Open rvilsack opened 1 month ago
@rsaksida Re: your slack question
_Can you help me understand how the credits are supposed to be parsed? CRT HRS:4 LEC HRS:4 LAB HRS:1 OTH HRS:0 I assume this means Credit hrs - 4 Lecture hrs - 4 Lab hrs - 1 Other hrs - 0 How would this translate to the 4 columns we're using: Credit Unit Value Credit Unit Max Value Credit Unit Type Credit Unit Type Description__
All of the MATH courses (row 547-563 in the download file) assumed a course unit type = semester hour, when this was not the case for other courses. (Nothing on the MATH URL suggests semester, which is what I thought you'd adjusted the crawler to look for.)
See a constrasting example for instance row 546:
Here is what the URL for that course displays:
Similar display of data between these two examples, yet 546 was parsed correctly: Credit Unit Value = 4 Credit Unit Max Value Credit Unit Type Credit Unit Type Description = This has credit value, but the type cannot be determined
I expected the all of the MATH courses (row 547-563) to be parsed the same way.

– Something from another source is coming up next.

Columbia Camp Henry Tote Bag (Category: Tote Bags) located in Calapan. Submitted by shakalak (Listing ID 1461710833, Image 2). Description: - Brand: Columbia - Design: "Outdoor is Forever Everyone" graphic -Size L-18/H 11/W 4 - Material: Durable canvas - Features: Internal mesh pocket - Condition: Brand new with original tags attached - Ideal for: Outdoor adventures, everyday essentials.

I tested 2 CourseLeaf catalogs; this was second round testing.
South Texas College
URL: https://catalog.southtexascollege.edu/courses/ Link to output file: https://docs.google.com/spreadsheets/d/1p0EZ23zV-I8qPST0MBv9sU6SK7McXV2C/edit?usp=sharing&ouid=115685232190749733039&rtpof=true&sd=true Number of courses look good Data looks good ISSUE missing credit values (`3% of records), incorrect credit value type + a small number of course descriptions are truncated
Example: no credit values included in extract, but listed in catalog (https://catalog.southtexascollege.edu/courses/rbtc/)
Example: incorrect credit value type, nothing on page suggests semester (https://catalog.southtexascollege.edu/courses/math/)
These issues seem to be isolated to full sets of courses under a heading (RBTC, MATH, etc.)
There are also a few course descriptions that are truncated:
Here is what appears on the page for these courses:
Deleware Community College
URL: https://catalog.dccc.edu/courses/course-descriptions/ Link to output file: https://docs.google.com/spreadsheets/d/1mr3Aqjr3hw0p5ScvfV-rX90mnmSeQgoV/edit?usp=sharing&ouid=115685232190749733039&rtpof=true&sd=true Number of courses look good Data looks good ISSUE missing credit values (17% of records), incorrect credit value type + truncated course descriptions; I'm not providing screen shots, since it's exactly the same as the above but the output file has some examples highlighted
If there is a pattern to the missing credit values or truncated descriptions, I haven't found it.